Edna Buchhardt

The Baltimore Sun

Edna "Bucky" Buchhardt, a retired registered nurse in Baltimore who was seriously injured while serving in World War II, died of complications of old age at her Northeast Baltimore home Wednesday. She was 91.

Edna Zipp was born and raised in Baltimore, where her father was a statistician for Baltimore Gas and Electric Co., and her mother was a homemaker. She graduated from Eastern High School in 1931 and went on to St. Joseph's Nursing School, where she specialized in communicable diseases.

After nursing school, she enlisted in the Army Nurses Corps, where she rose to the rank of captain. She met her future husband, Gunnar "Buck" Buchhardt, whom she wed in 1942, at an Army base in Texas. During World War II, she served in Northern Africa and in Europe, where her responsibilities included attending to wounded prisoners of war.

"Some of the prisoners would have hand grenades in their stomachs; sometimes they would have a knife," said daughter Karen Westerman of Monkton. "The nurses had to be very, very careful."

Her service was cut short in 1943 when she was involved in a Jeep accident in Naples, Italy. The accident left her temporarily paralyzed. She had more than 16 surgeries throughout her life as a result, Mrs. Westerman said.

Mrs. Buchhardt returned to Baltimore and awaited her husband, who joined her in 1945. She and her husband, a salesman, had four children. One son, David, died shortly after birth. Mr. Buchhardt died in 1983.

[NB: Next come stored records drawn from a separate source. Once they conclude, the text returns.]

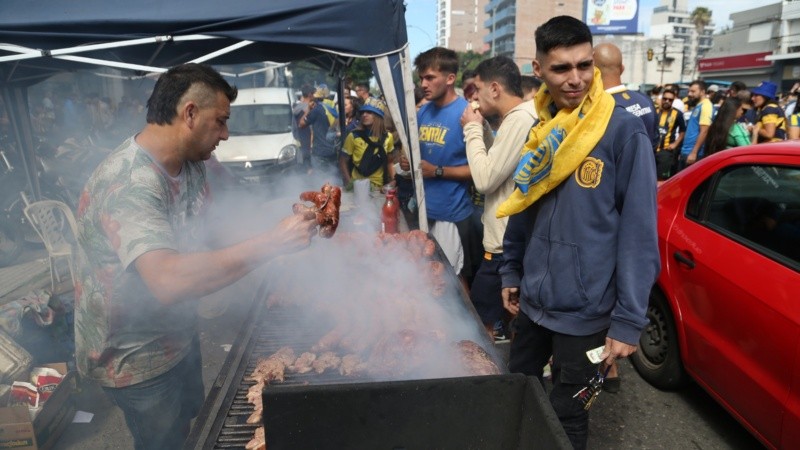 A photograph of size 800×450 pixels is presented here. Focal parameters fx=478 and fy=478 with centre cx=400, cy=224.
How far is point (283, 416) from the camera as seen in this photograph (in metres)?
1.41

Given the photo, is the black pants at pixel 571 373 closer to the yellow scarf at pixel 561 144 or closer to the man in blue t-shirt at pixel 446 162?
the yellow scarf at pixel 561 144

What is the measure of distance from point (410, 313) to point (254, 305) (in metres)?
1.07

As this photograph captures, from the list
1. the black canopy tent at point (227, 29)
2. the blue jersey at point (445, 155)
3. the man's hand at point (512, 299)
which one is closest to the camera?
the man's hand at point (512, 299)

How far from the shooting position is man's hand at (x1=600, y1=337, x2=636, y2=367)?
6.98ft

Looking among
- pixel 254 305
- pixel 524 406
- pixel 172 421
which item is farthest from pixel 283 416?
pixel 254 305

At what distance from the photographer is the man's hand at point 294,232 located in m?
1.94

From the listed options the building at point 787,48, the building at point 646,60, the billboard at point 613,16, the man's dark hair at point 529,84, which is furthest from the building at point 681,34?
the man's dark hair at point 529,84

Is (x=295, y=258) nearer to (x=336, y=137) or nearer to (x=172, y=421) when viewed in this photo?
(x=172, y=421)

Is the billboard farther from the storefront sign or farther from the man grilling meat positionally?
the man grilling meat

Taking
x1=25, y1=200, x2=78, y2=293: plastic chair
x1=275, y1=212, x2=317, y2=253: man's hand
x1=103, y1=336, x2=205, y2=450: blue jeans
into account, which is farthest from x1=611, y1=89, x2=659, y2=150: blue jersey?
x1=25, y1=200, x2=78, y2=293: plastic chair

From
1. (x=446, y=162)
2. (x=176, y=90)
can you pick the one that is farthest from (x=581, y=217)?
(x=446, y=162)

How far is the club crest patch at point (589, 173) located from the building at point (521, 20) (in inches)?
3271

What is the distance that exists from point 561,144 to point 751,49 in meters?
49.9

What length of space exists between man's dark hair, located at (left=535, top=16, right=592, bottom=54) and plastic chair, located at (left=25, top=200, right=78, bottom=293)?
5135 mm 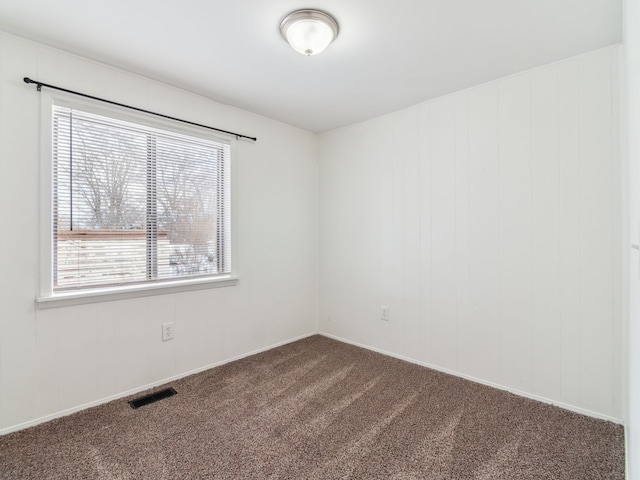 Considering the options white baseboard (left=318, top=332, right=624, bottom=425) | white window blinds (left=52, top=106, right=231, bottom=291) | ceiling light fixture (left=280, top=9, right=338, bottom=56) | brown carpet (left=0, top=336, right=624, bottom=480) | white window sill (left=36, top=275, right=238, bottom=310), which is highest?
ceiling light fixture (left=280, top=9, right=338, bottom=56)

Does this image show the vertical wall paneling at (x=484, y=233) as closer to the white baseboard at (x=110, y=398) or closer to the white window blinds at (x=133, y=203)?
the white baseboard at (x=110, y=398)

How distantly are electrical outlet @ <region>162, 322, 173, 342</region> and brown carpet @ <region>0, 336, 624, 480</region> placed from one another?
1.16 feet

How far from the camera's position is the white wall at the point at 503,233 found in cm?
197

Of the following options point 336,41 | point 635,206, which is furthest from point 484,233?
point 336,41

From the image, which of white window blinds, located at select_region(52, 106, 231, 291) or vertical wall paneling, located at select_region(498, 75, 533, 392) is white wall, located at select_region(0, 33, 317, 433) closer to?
white window blinds, located at select_region(52, 106, 231, 291)

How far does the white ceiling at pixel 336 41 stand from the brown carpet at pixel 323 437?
2.31 metres

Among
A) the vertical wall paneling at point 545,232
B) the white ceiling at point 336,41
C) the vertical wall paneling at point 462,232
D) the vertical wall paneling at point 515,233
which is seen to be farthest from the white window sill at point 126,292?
the vertical wall paneling at point 545,232

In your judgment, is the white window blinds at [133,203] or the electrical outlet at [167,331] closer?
the white window blinds at [133,203]

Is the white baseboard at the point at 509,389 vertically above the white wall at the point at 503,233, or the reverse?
the white wall at the point at 503,233

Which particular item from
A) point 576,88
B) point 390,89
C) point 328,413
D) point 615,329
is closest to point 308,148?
point 390,89

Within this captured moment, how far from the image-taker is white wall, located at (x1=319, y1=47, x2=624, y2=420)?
197cm

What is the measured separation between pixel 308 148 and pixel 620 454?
11.0 feet

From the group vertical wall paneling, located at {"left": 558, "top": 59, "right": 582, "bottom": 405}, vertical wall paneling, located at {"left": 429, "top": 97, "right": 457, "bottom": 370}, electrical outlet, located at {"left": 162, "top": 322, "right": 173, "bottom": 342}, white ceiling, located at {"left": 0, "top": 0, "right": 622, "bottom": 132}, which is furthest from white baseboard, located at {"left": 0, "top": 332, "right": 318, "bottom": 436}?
vertical wall paneling, located at {"left": 558, "top": 59, "right": 582, "bottom": 405}

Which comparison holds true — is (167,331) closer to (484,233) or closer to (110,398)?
(110,398) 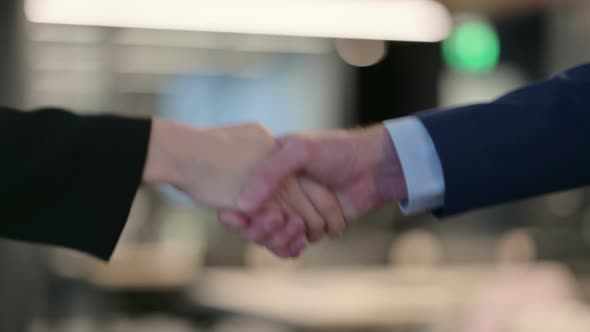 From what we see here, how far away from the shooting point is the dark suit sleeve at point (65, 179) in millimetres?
1211

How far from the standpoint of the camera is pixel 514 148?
4.31ft

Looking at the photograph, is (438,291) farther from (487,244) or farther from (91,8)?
(91,8)

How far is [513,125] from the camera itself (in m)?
1.33

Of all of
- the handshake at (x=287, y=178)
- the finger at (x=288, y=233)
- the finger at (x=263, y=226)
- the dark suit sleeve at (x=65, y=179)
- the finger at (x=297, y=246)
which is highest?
the dark suit sleeve at (x=65, y=179)

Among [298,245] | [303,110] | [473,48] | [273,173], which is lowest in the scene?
[303,110]

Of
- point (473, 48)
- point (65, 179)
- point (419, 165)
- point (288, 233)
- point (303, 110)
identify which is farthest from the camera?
point (473, 48)

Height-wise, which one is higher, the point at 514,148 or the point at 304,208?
the point at 514,148

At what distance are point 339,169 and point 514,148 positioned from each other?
271mm

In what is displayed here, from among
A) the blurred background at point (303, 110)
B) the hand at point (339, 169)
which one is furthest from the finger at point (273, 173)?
the blurred background at point (303, 110)

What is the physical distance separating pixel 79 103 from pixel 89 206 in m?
3.94

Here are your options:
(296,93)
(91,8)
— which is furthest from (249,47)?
(91,8)

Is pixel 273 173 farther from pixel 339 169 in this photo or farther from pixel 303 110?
pixel 303 110

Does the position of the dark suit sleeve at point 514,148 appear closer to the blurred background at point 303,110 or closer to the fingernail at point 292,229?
the fingernail at point 292,229

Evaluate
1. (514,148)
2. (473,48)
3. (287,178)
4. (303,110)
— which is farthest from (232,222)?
(473,48) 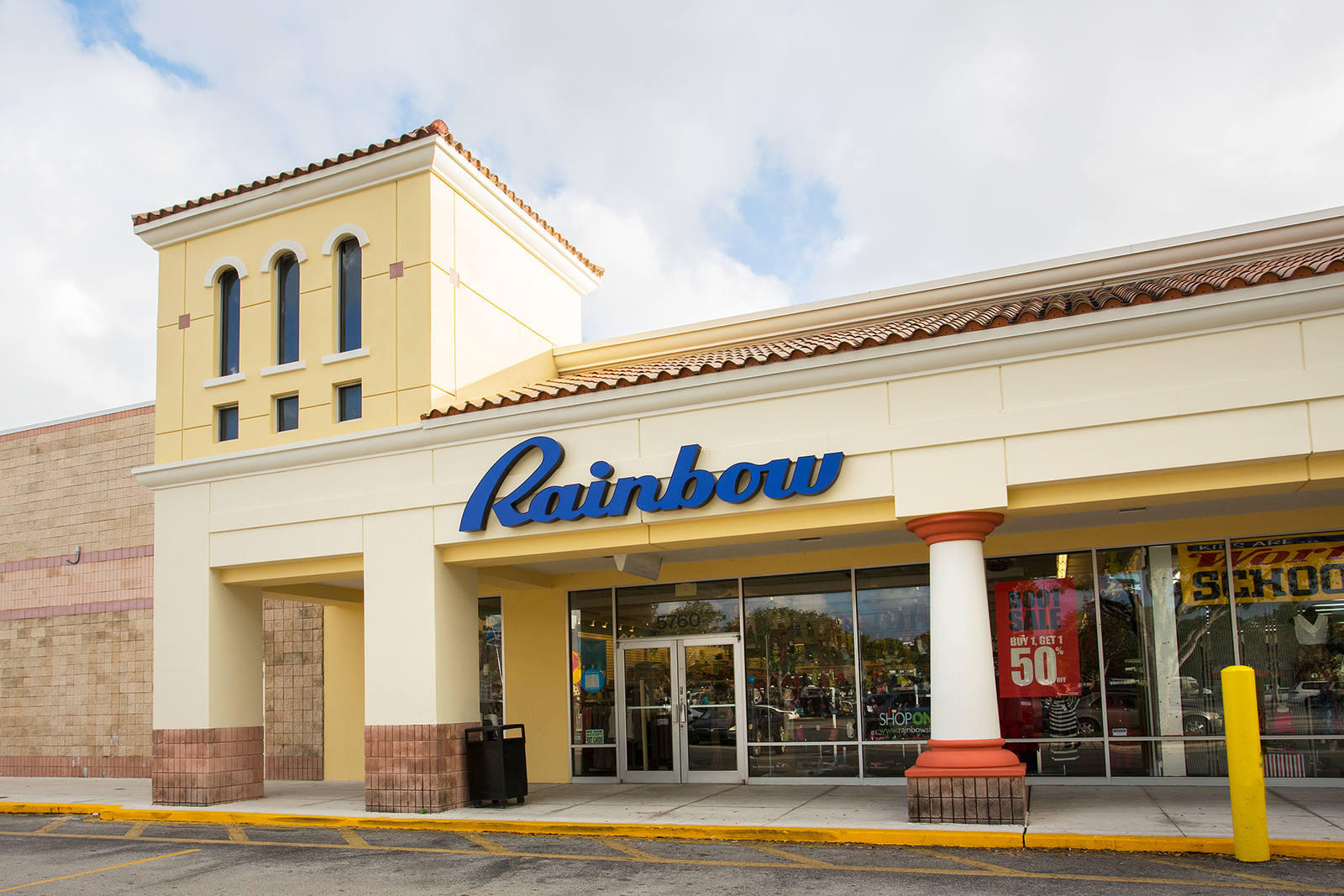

In 1951, Mrs. Buchhardt went to work as a registered nurse at Mount Sinai Hospital, where she remained for 25 years. She later served as director of nursing at Mount Sinai Nursing Home, and as a registered nurse at Mount Wilson Hospital.

Mrs. Buchhardt was able to balance a demanding work schedule with an active family life.

"She was just the perfect mom," said another other daughter, Mary McFarland of Burke, Va. "She never missed anything we did ... even if she had an hour's sleep. We never knew how she did it."

Mrs. Buchhardt also found time to let loose in her 1964 dark-blue Plymouth Fury with her co-workers when they got off work, according to Mrs. Westerman.

"They used to race from Northern Parkway down to Falls Road - in their nurses uniforms," Mrs. Westerman said. "They were wild."

Mrs. Buchhardt's other passion was her love of the Baltimore Orioles, according to Mrs. McFarland, who recalled hearing her mother shouting at the radio while listening to games.

"We didn't have a lot of money, so we didn't go to a lot of games ... but we could hear her screaming 'Atta boy!'" Mrs. McFarland said. "She would scream until she couldn't talk."

It was her love of baseball that led her children to recruit William "Wild Bill" Hagy to speak at her retirement dinner in 1982.

"He did a little cheer for her," Mrs. McFarland said with a laugh.

To celebrate Mother's Day 2003, Mrs. Buchhardt's family brought her to an Orioles game. And even though she was in a wheelchair, she enjoyed the gift, according to Mrs. McFarland.

"She loved them so much," she said.

Mrs. Buchhardt's funeral was held Saturday.

In addition to her two daughters, survivors include three grandchildren and five great-grandchildren. A son, Bruce Buchhardt, died in 2003.